Konuyu araştırırken Satılmış türevinde birçok isimle de karşılaştık. Özellikle kız versiyonu olan “Satı” da bu isimle aynı anlama sahip. Ancak bu, Anadolu’da pek bilinen bir şey değil; insanlar babaanne, dedelerinin isimlerini aldıkları için koyulan isme de pek takılmamışlar.
Kimse çocuğunun kötü olmasını istemez diye düşünüyoruz elbette, tabii ki istemez istemesine de nereden geldi öyleyse bu Satılar, Satılmışlar?
Anadolu’da çok eskiden doğumlar doğal yollarla gerçekleşiyordu.
Hastane gibi bir imkanın bulunmadığı bu dönemlerde, elbette hastalıklara hemen müdahale edilemiyordu. Doğal ortamda doğan ortalama her 4-5 bebekten birisi ölüyordu. Art arda çocuk kaybeden aileler, bunun lanetli bir durum olduğunu ve kötü bir güç tarafından yapıldığına inanıyorlarmış. Yani bir tür Şamanizm ritüeli.
Kötü gücün, doğan çocuğu öldüreceğinden doğan inanç, çocuğun başka bir evde büyümesine neden oluyormuş. Başkasının evinde büyütülen çocuğun kötü ruhlardan arındığı ve bu şekilde hayatta kaldığı düşünülürmüş. Bu çocuk, çok sonra anne ve babası tarafından satın alınır, kendisine de “Satılmış, Satılgan, Satı, Satıvaldı, Satındı, Satkın” gibi isimler verilirmiş.
İnanışa bakılırsa yer altında var olan kötü bir ruh, çocukları çalmakta ve satmaktadır.
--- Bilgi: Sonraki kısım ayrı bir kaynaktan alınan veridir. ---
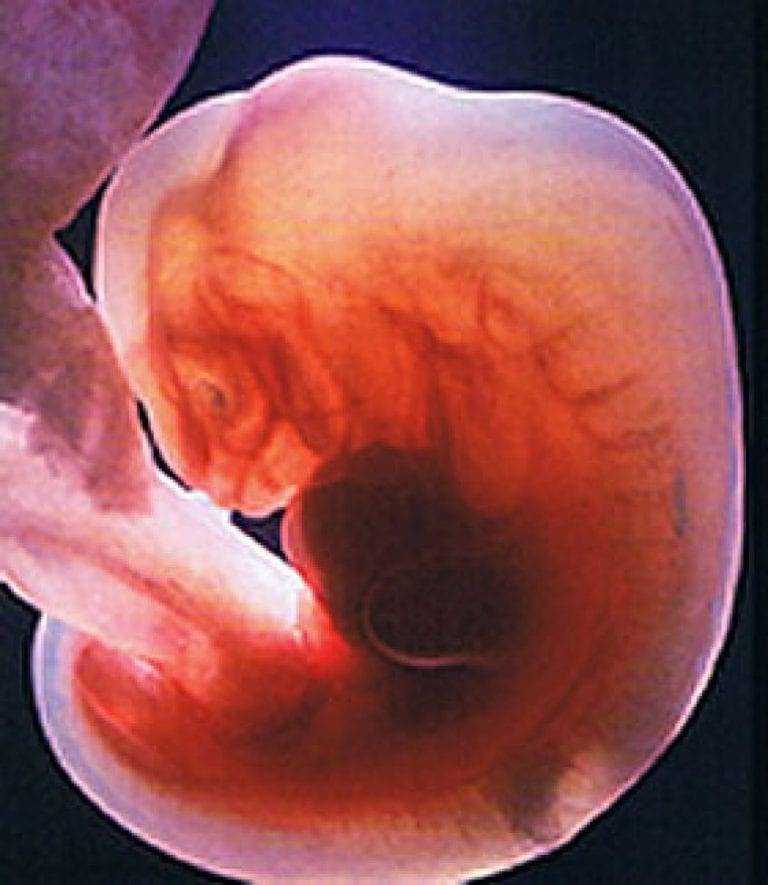 Признаки беременности на 1 неделе: симптомы после зачатия, ощущения, фото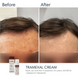 Крем проти пігментації Braderm Tramexal Cream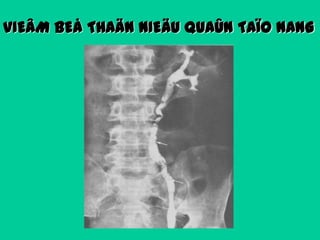 VIEÂM BEÅ THAÄN NIEÄU QUAÛN TAÏO NANG

 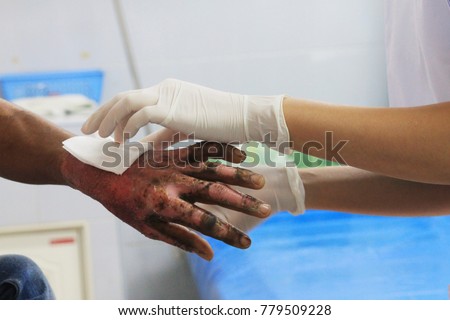 Dressing wound burn of second degree of wrist and hand with blur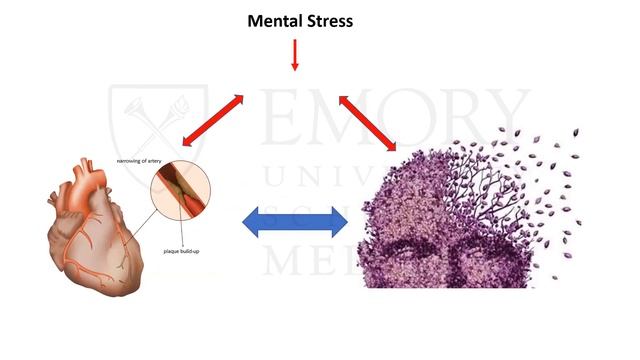 Mental Stress and Cognitive Function in Coronary Artery Disease смотреть онлайн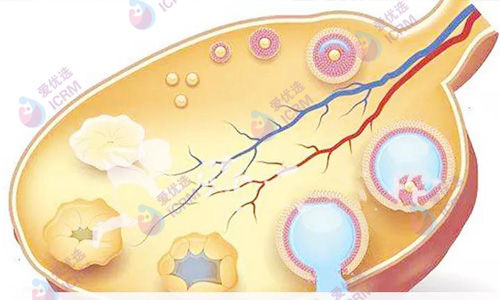 多囊卵巢综合征是如何引起的？可以做试管吗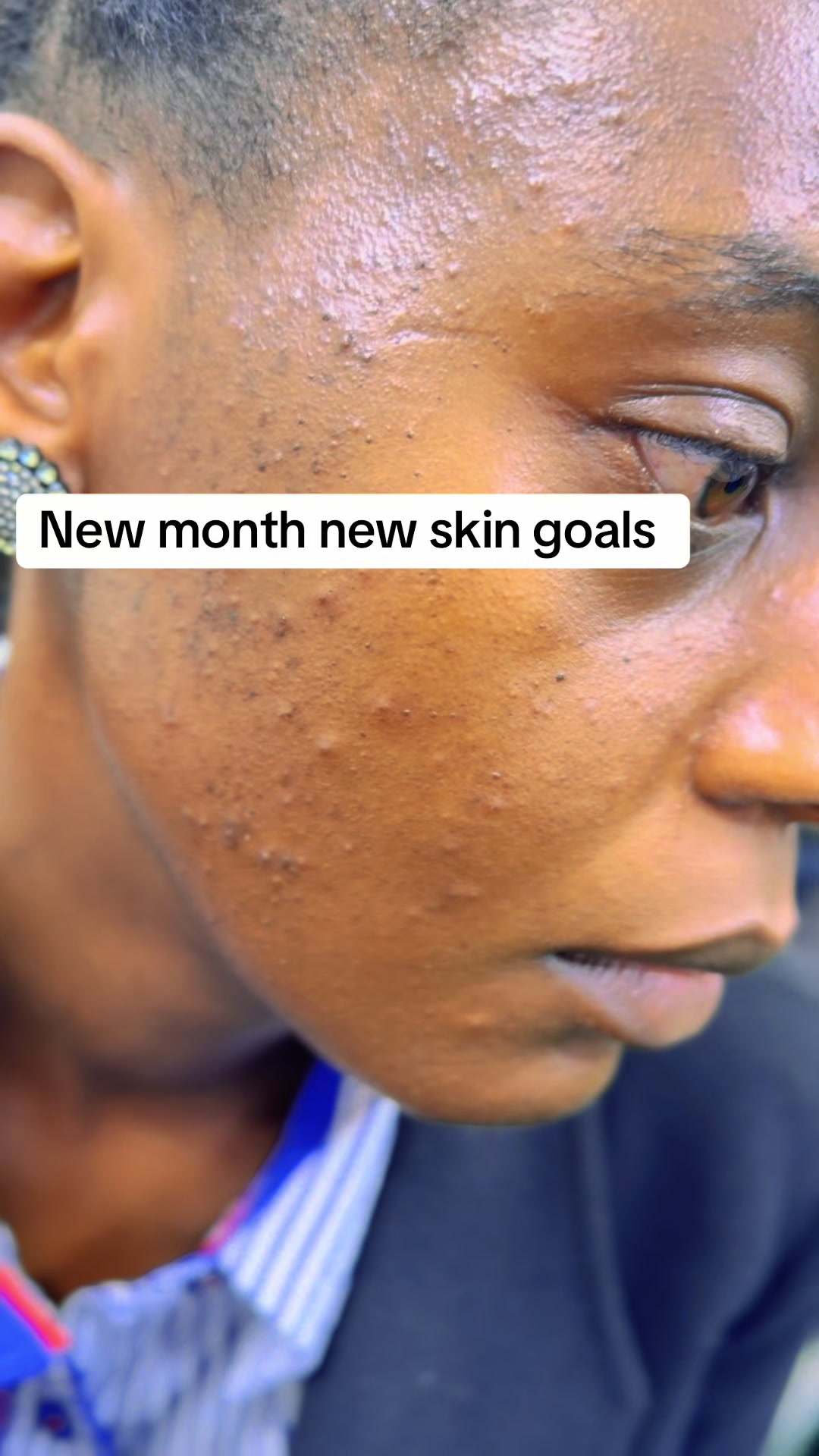 @CASIE SKINCARE & AESTHETIC SPA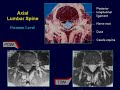 Lumbar Stenosis by Pablo Pazmino MD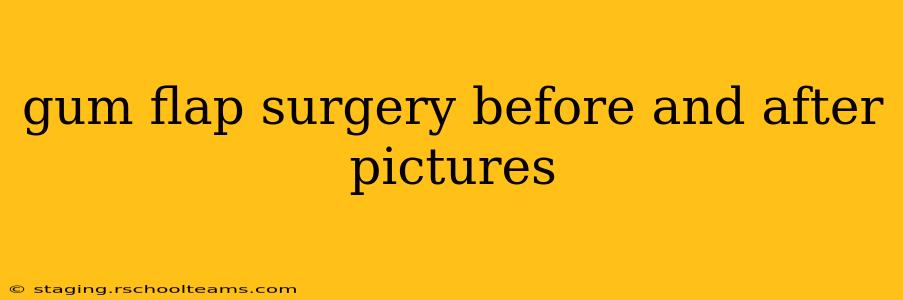 gum flap surgery before and after pictures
Çocuklarının ölmesini istemeyen aileler, çocuklarına bu gibi isimleri vermekten de geri durmamışlar. Bu da bir gelenek halini almış. Bugün bazı yörelerde, hâlâ çocuğu olmayan kişiler, bir su başında ulu bir ağaç altında dilek dilerler, çocukların buralarda satıldığına inanırlar. Bir nevi ibadet olan bu ritüel sonrasında, şans eseri çocuğu olanlar da yine aynı şekilde çocuğa “Satılmış” ve “Satı” ismini verirler. Bu uygulamanın Amasya’da oldukça yaygın olduğu biliniyor.
Bunun bir başka örneği de “Yaşar” isminde saklı.
Bu ismin de verilme hikâyesi hemen hemen aynı. Anadolu’da hastalıklardan ölen çocuklarından dolayı bir sonraki doğan bebeğe “Yaşar” isminin verilmesi, ailenin bebeğin hayatta kalmasını sağlayacağını düşündükleri bir nevi ritüeldir.
Sözün özü, belki görüldüğünde dalga geçilen “Satılmış” ve türevi isimler, aslında ailelerin yegâne evlatlarını kaybetmemek uğruna yaptıkları bir uygulamaydı. Eskiden şartlar günümüzdeki gibi olmadığı için doğan çocuklar hayata tutunmakta zorlanıyordu. Bu yüzden bu tür isimlere umut bağlamak, o dönemin psikolojisi açısından hiç de yadsınamaz.